Отказ Шекспира от устрашающего призрака имеет значительные последствия для всей драмы в целом. Главное качество призрака в пьесе это то, что он убедителен. Его ностальгия о жизни трогает, душераздирающа рассказанная им Гамлету история, но она без исступления, его поведение с Гамлетом твердое и ласковое.
Выметая ворох суеверий, Реформация оставляет в Писании веру в привидения, но меняется их объяснение. В римской католической традиции души из чистилища могут возвращаться на землю, чтобы оказать помощь живым или предупредить их об угрожающей им опасности. Один из трактатов протестантских теологов имеет много общего с шекспировской трактовкой привидения, и, как полагает Джон Довер Уильсон, Шекспир мог читать этот текст. Гипотеза кажется правдоподобной, потому что второе издание текста Людвига Лаватера «Бродящие по ночам привидения и духи…», датируемое 1596 годом, напечатано Томасом Грпдом, с которым у Шекспира были особые отношения.
Шекспир наслаивает в пьесе католические и протестантские теории о привидениях. Призрак, без всякого сомнения, упоминает о своем пребывании в чистилище. Гамлет решился воспринимать его как дух своего отца, предварительно вспомнив протестантскую теорию формы, заимствованной у ангела или дьявола.
Гамлет уничтожает всякое расстояние между призраком и собой, в противоположность учению Реформации, и отдается душой и телом мысли о мщении («…в книге мозга моего пребудет лишь твой завет, не смешанный ни с чем…», I, 5).
Образ призрака преследует Гамлета перед спектаклем, даваемым актерами:
Горацию:
Тогда как после представления, когда король выдал себя, доверие к призраку возвращается: «О дорогой Горацио, я за слова призрака поручился бы тысячью золотых» (III, 2).
Наконец, Гамлет отказывается от сомнения в природе привидения. Когда он убивает Клавдия, он мстит не за отца, а за оставленную мать и за себя. Следовательно, с точки зрения мести, эта пьеса шедевр амбигуэнтности. Конечно, Шекспир не ведет на сцене теологических споров, но использует существующие теологические споры, чтобы превратить пьесу в трагедию сомнения, а ее протагониста — в воплощение метафизической неясности. Потому что он не знает, встретил ли он ангела или дьявола, он моделирует свою душу в зависимости от фаз испытываемого сомнения и действует соответственно этому.

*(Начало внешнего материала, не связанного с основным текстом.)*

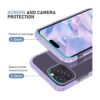 MATEPROX Compatible con iPhone 14 Pro Max funda_3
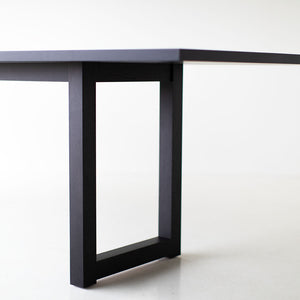 black-dining-table-02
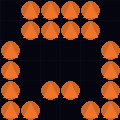 45.58.24.217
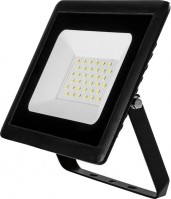 Photos - Floodlight / Street Light NEO 99-052 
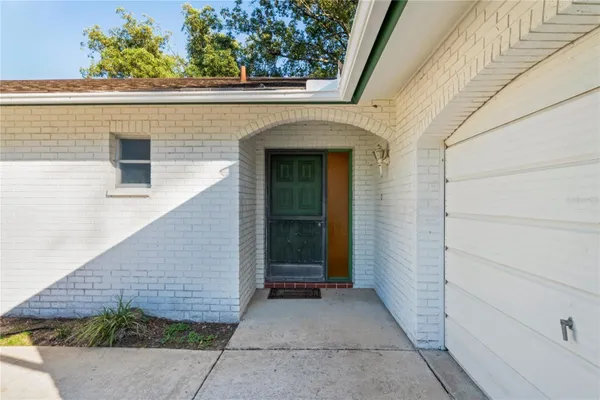 Property Slideshow image 3 of 75 | 8718 benton dr, Port Richey, FL, 34668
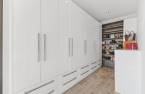 Penderie (Walk-in)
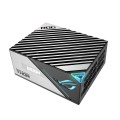 ASUS ROG-THOR-1000P2-GAMINGOWY - stromfor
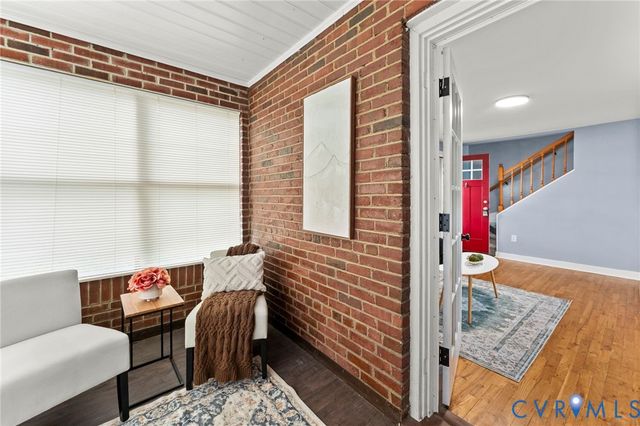 317 Cedar Ln, Hopewell, VA 23860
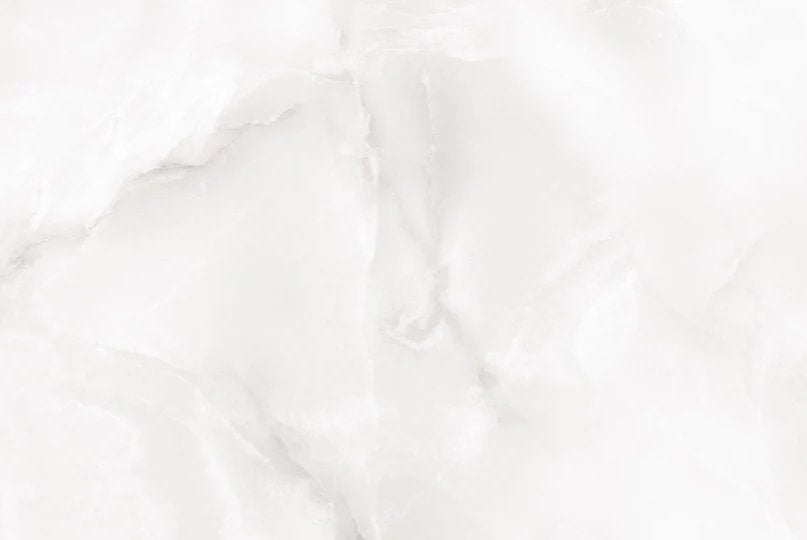 1-52911976317195-44329541173515.jpeg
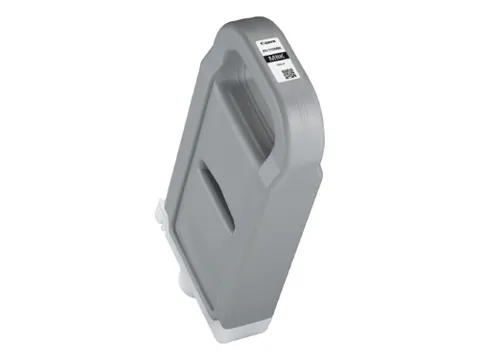 Canon PFI-710MBK, Mat Zwart, Inkt op pigmentbasis, 700 ml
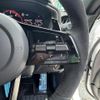 nissan fairlady-z 2025 -NISSAN--Fairlady Z 5BA-RZ34--RZ34-124835---NISSAN--Fairlady Z 5BA-RZ34--RZ34-124835- image 14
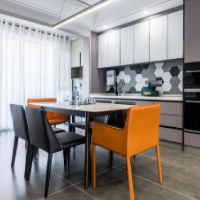  定制家居行业面临数字化全新升级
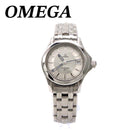 Omega Quartz Watches 120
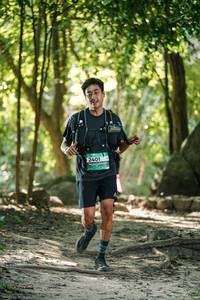 BIB: 
                            <button type="button" onclick="openModal(28156390)" class="btn btn-primary btn-sm float-right btn-popup" data-toggle="modal" data-target=".modal-high-quality">
                        <i class="fas fa-shopping-cart"></i> Add to Cart
                    </button>
                                            <button type="button" onclick="isThisMe(28156390, true)" class="btn btn-success btn-sm float-right btn-popup btn-isme hidden" data-toggle="tooltip" data-placement="bottom" title="นี่คือรูปของคุณใช่ไหม คลิกที่นี่เพื่อเอาเข้าอัลบั้ม">
                        <i class="fas fa-plus"></i> Add to album
                    </button>
                    <button type="button" onclick="isThisMe(28156390, false)" class="btn btn-warning btn-sm float-right btn-popup btn-isnotme hidden">
                        <i class="fas fa-ban"></i> Remove from album
                    </button>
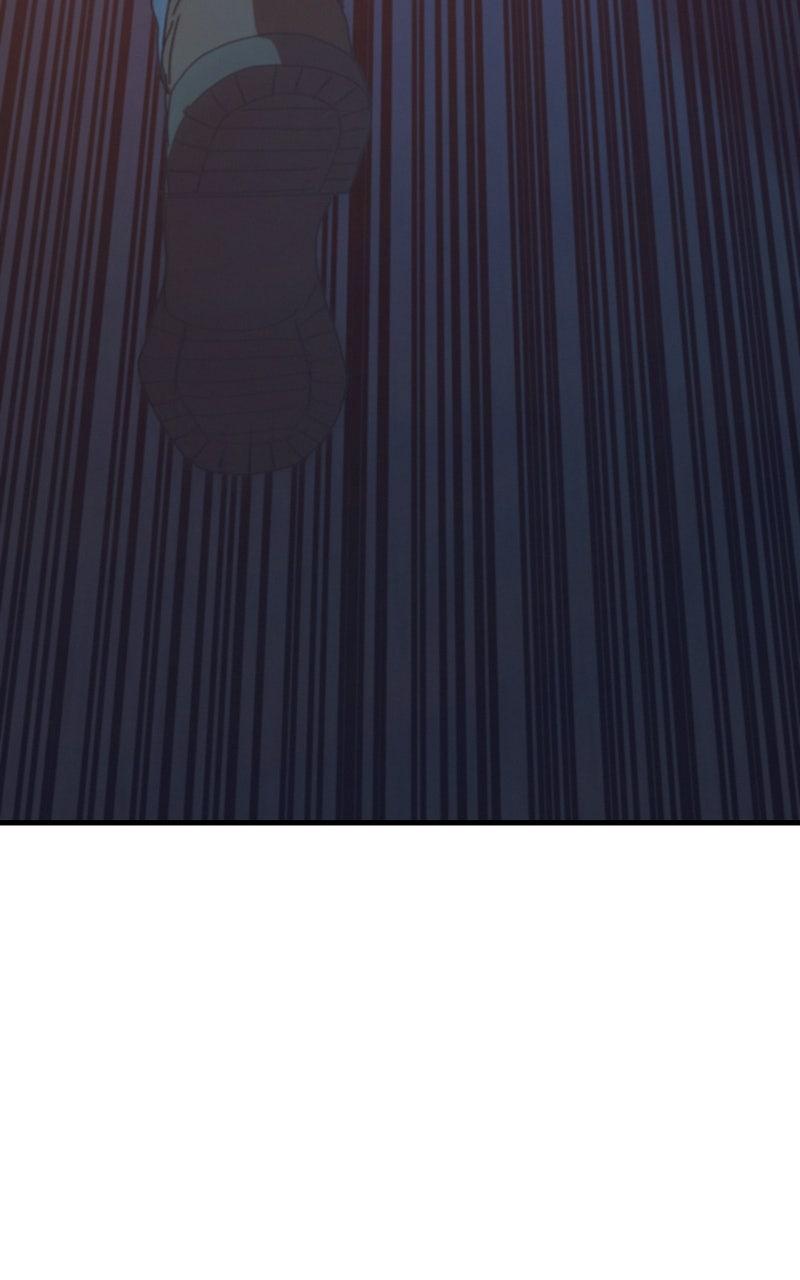 Hiding Out in an Apocalypse Chap 66 - Next Chap 67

В этой пьесе, где все непросто, тем более не может быть простым безумие главного персонажа. Сначала оно — избранный экран, за которым мститель сможет скрыть свои намерения, и перед нами одна из хорошо выполненных черт трагедии мщения. И именно роль шута позволяет Гамлету оставаться под маской безумия. Это позволяет ему говорить правду, обжигающую того, на кого она направлена, заставляя смеяться или улыбаться попеременно.
Гамлет удерживается на острие, отделяющем ум от безумия, и его видение мира свободно от какой-либо ортодоксальности. Слова продолжают жить, когда смысл утрачен. Полученная истина ниспровергается. Так мать, дающая жизнь ребенку, передает только смерть.
Когда видение нормального у антиподов не колеблется, оно туманится от одновременного восприятия двух противоположных истин, которые проникают в самую глубину субъекта в нестабильном состоянии между разумом и безумием: «О Боже, я бы мог замкнуться в ореховой скорлупе и считать себя царем бесконечного пространства, если бы мне не снились дурные сны» (II, 2, пер. Б. Пастернака). Признание, сделанное приятелям Розенкранцу и Гильденстерну, полно уныния. Оно вызвано только что приобретенной уверенностью, что истина природы вещей не единственна, а по меньшей мере, двойственна, включая точку зрения человека, проникшего в божественную истинность, которая ему гарантирует точное знание вещей, и равным образом точку зрения чувствующего субъекта как такового, со своими эмоциями. Эта дуальность раздирает сознание.